Church was calm, and the sermon did not particularly enlighten or offend.  I stood in line to get some coffee and water in the rec hall after the service ended.  An ancient woman toddled forward ahead of me, and a younger woman suddenly accosted her.  Younger said with a bright smile, “Wasn’t that sermon lovely?”  Ancient growled, “Today was all right.  Keep the stupid ones away.”  The younger woman’s smile faltered, and she quickly made her escape.  Ancient reached the coffee stand attended by a man in his eighties who kindly asked her if she wanted coffee.  Ancient glared at him and declared, “Not in those Styrofoam cups!”  He didn’t follow what she said and asked her again if she wanted anything.  She barked, “Not until you replace these cups!”  He didn’t comply, and she marched away with her chin held high toward a table laden with cookies and fudge brownies.

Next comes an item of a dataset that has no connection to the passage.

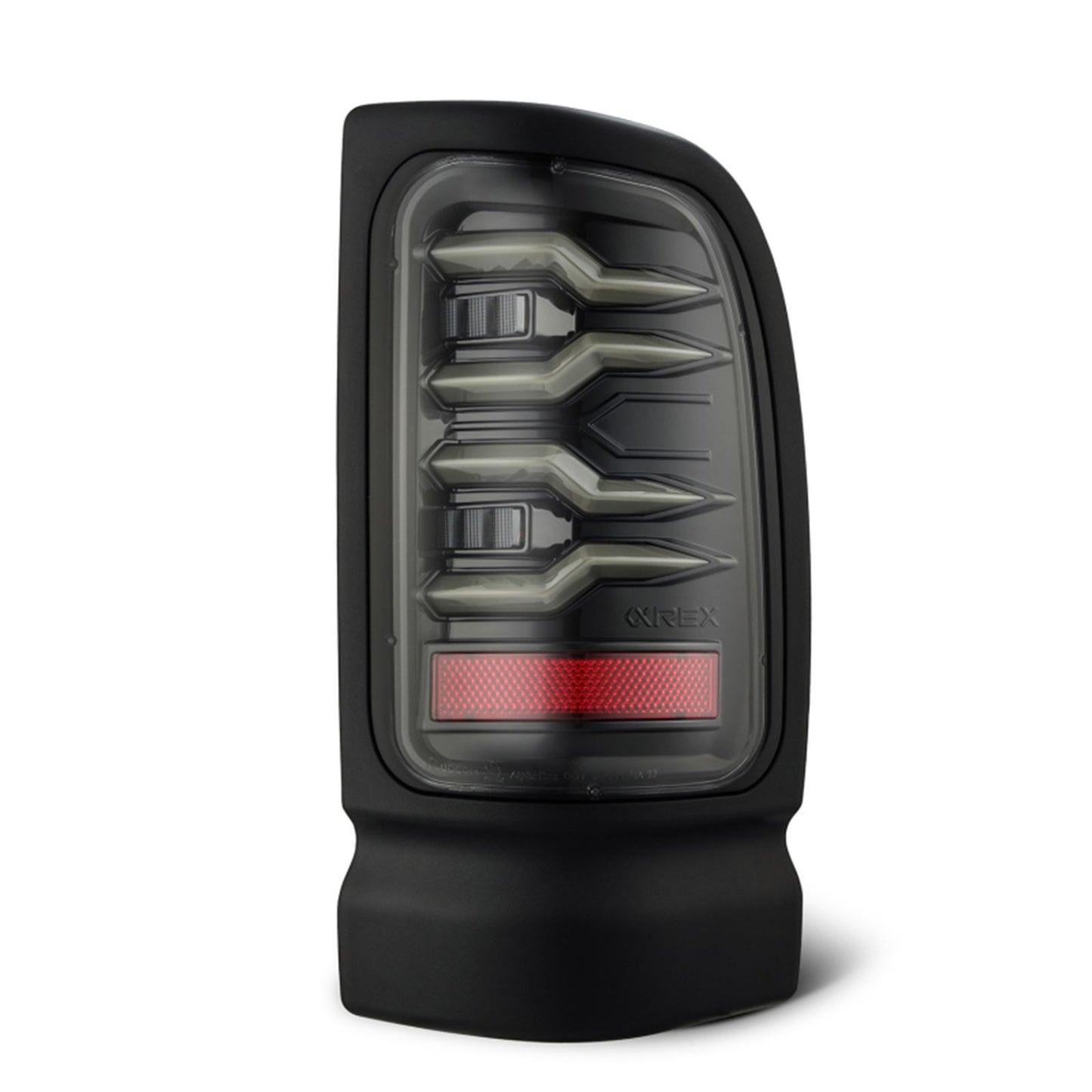 Alpharex LUXX-Series LED Tail Lights - Alpha-Black fits Dodge Ram 1500/2500/3500 [MPN: 643001]_1883889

When we drove home the homeless guys had left their posts even though the wind had died and the temperature had risen five degrees.  Cars cut in and out, but no one seemed truly intent on maiming fellow drivers.  One sensed that an uneasy truce had been arranged.

Judy and I got lunch.  As we sat talking, I remembered a moment in the service that made our Sunday morning expedition worthwhile.  A three year old girl had sat attentively near the junior pastor during a “children’s moment” at the altar.  When the lesson ended, the junior pastor and the kids exited down the center aisle.  But the little girl wandered up the altar steps toward the lectern.  Her father hustled up, took her in his arms, and then led her in pursuit of the other kids.  I saw her mouth a few words to Dad as he hurried her along.  She said, “I’ve got to go to the bathroom.”


Women Jumping Out of Cars

Last week I waited to make a left turn into my neighborhood and saw a woman jump out of the shot gun seat of a car idling at a red light.  She looked as if someone had goosed her.  The driver made no effort to call her back though she stood on a nearby curb and stared intently at him.  She bounced on her toes as if waiting for him to make a move.  She began to walk away after a minute passed, and then he finally turned the car in her direction.  Negotiations had begun.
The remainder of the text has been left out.